▶ Instructions to follow
What you return should match the data below exactly, with no pictures in it.

▶ Information provided
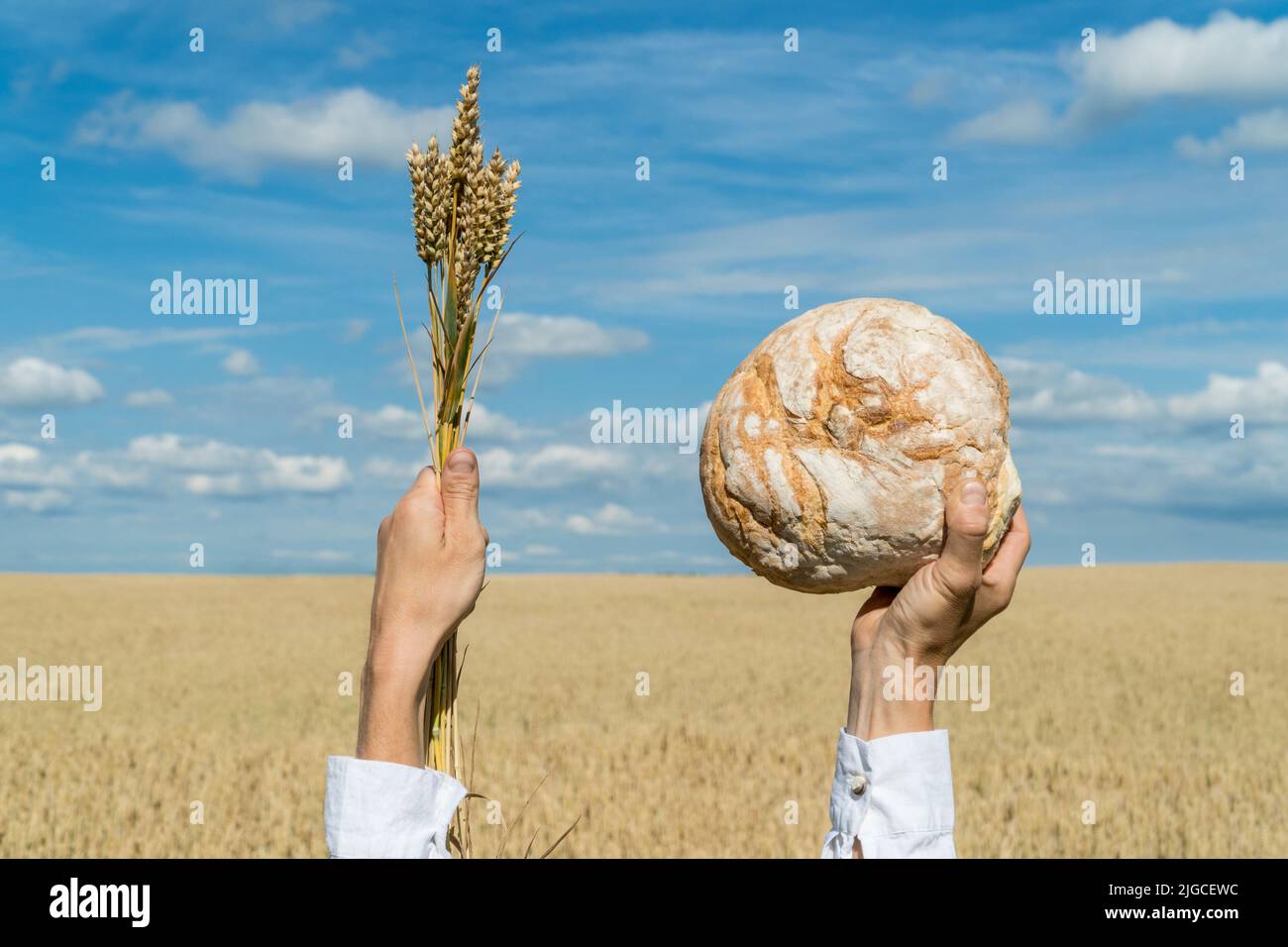 Mains de sexe masculin tenant le pain cuit maison et les oreilles de blé au-dessus de sa tête sur un ciel bleu d'été. Concept de production alimentaire Banque D'Images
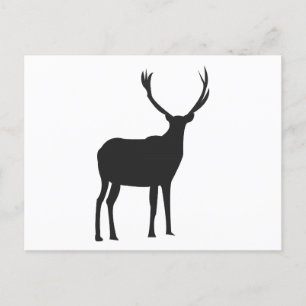 Herten Mooie Geweiën Briefkaart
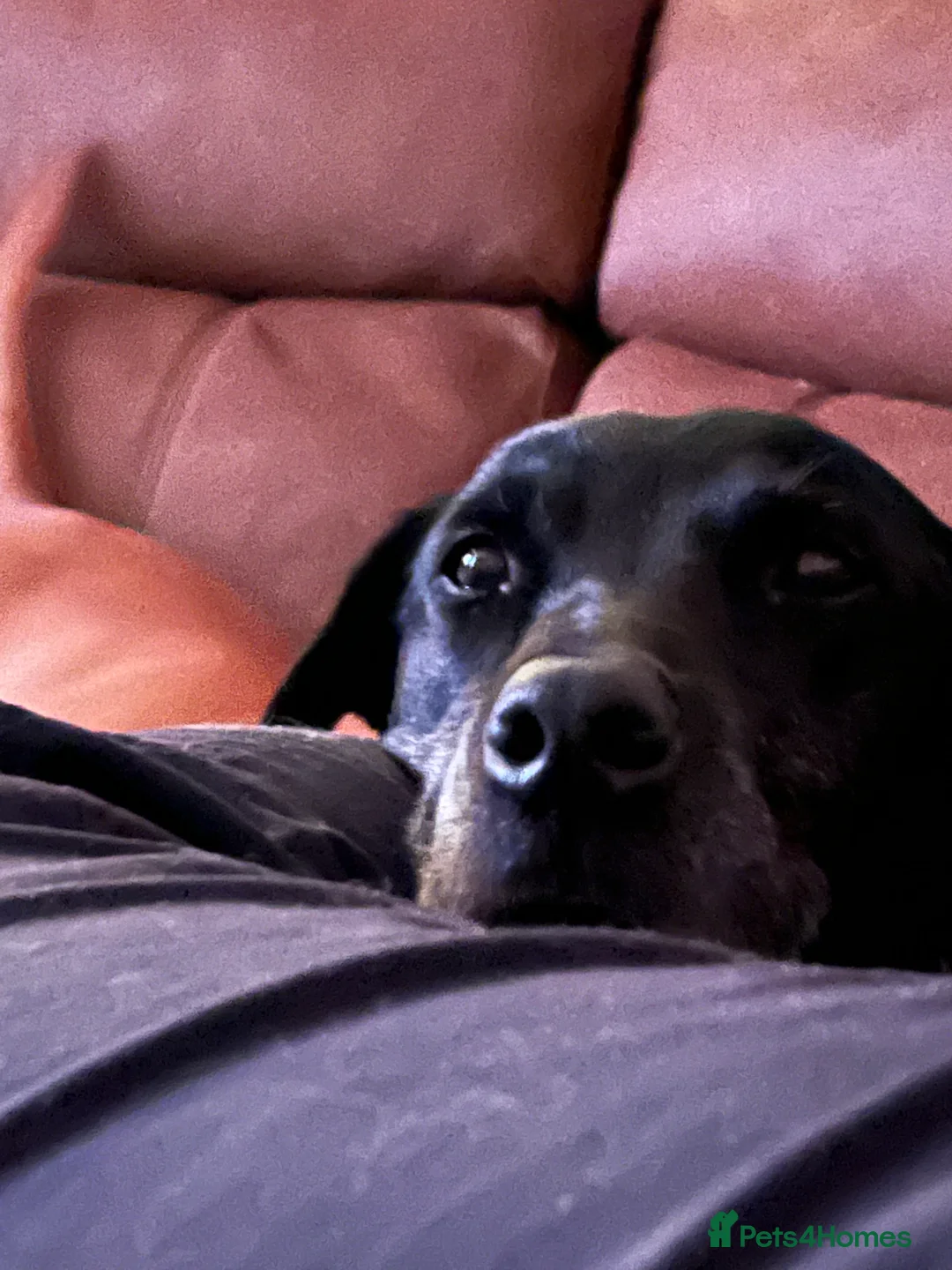 Labrador Retriever dogs for sale: Amazing pups  - Advert 6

▶ Response for this exercise
 Mains de sexe masculin tenant le pain cuit maison et les oreilles de blé au-dessus de sa tête sur un ciel bleu d'été. Concept de production alimentaire Banque D'Images
 Herten Mooie Geweiën Briefkaart
 Labrador Retriever dogs for sale: Amazing pups  - Advert 6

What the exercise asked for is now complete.